PEMEX Y EL DESPRECIO A LOS GOBERNADOS



Alejandro Álvarez

Han transcurrido más de tres semanas desde la explosión en uno de los edificios administrativos de Pemex en la Ciudad de México. Ha sido demostrada por especialistas en temas de gases y de explosivos la endeble estructura de la versión oficial; no hay explicación ni sobre el origen del gas, ni sobre su composición. Ni qué decir sobre los contratos millonarios de mantenimiento que debieron detectar o reportar alguna anomalía previa al siniestro. Menos sobre los sistemas de vigilancia del complejo administrativo. En Internet circulan mil versiones producto de supuestos no demostrados pero indudable y morbosamente atractivos: que si un autoatentado, que si los zetas, que los que quieren vender Pemex, que si los que no lo quieren vender, que si documentación archi recontra secreta ha desaparecido, que si las computadoras, en fin. Especulaciones para dar y prestar. El tiempo opera a favor de la imaginación popular y las autoridades parece no preocuparles mayor cosa. Da la impresión de que a solas dicen los gobernantes: que piensen lo que quieran; incluyendo las opiniones técnicas que han puesto en un predicamento la historia del gas metano y la chispa misteriosa que lo encendió.
Todo apunta a que el asunto se dejará podrir con uno que otro manoseo alrededor de lo mismo, para  no hacer olas a pesar de aquel concepto jurídico básico que obliga a deslindar responsabilidades donde quiera que exista una muerte violenta.
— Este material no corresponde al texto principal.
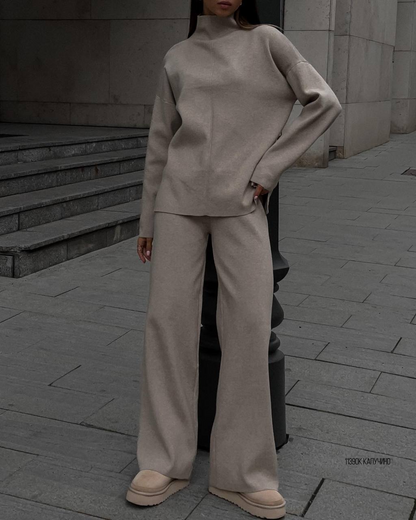 Cozy Chic Knit Set – Split-Hem Top & Wide-Leg Pants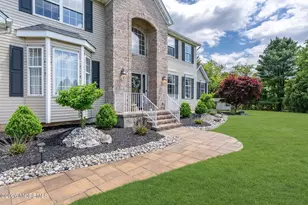 51 Manfre Ct, Freehold, NJ 07728 - Photo 17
Para estar a tono con la tónica gubernamental, se puede estar cocinando una buena birria de chivo expiatorio.
Sin embargo la pieza del desastre de Pemex y su secuela no está tan fuera de lugar en la atmósfera creada en el poco tiempo de este nuevo gobierno. La presión a los ministros de la Suprema Corte para dejar libre a la francesa secuestradora, el perdón a las deudas millonarias de los municipios, la aparición de grupos armados de autovigilancia “popular”, la reforma apresurada de leyes para logar la liberación de vándalos  que destruyen la vía pública o que se apoderan de centros educativos, o que les prenden fuego y luego exigen una mesa de negociación siempre y cuando, claro, no se les haga ninguna demanda judicial. Ese es el tejido de la “nueva” política priísta, no muy diferente de la panista, ni de la perredista en los estados que los amarillos han gobernado. Baja California Sur sin ir más lejos.
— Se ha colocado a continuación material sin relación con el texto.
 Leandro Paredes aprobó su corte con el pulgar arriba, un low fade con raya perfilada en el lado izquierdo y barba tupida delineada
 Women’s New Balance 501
Una sola frase sintetiza la “nueva” política: el desprecio por los gobernados. Los partidos ya se pusieron de acuerdo, ya les dijeron y se dijeron: pa’ todos hay, nomás bien alineaditos. Y efectivamente, ahí están azules, rojos, amarillos, y los colores que resulten, tendiendo la mano para recibir su rebanada de poder en una “civilizada sociedad democrática” en la que “pa’ todos hay”. ¿Entonces para qué es el Pacto?
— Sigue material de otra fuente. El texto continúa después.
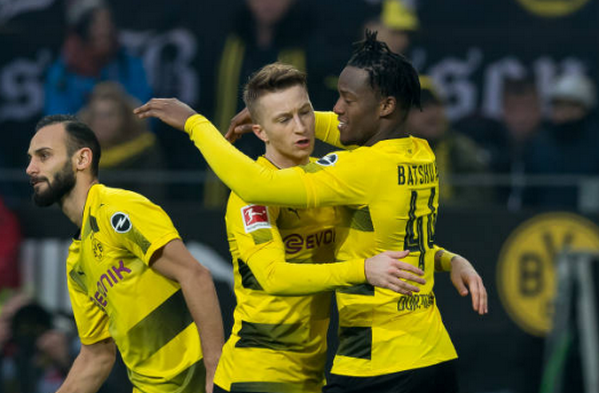 Sau vòng 22 Bundesliga: Biểu tượng trở lại, Dortmund tạm thở phào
Ah! y en el reparto no puede faltar la sociedad civil encarnada en las organizaciones no gubernamentales que no hace mucho se desgañitaban queriendo llevar a juicio a Calderón por las miles muertes violentas de las cuales según ellos era directo responsable el presidente Calderón y ahora están muy calladitos sin que asome para nada lo que sería la nueva cantaleta de “los muertos de Peña” ante el desfile de ajusticiamientos del crimen bien organizado que no ha visto en el cambio de gobierno motivos suficientes para cambiar de estrategia. Mala señal.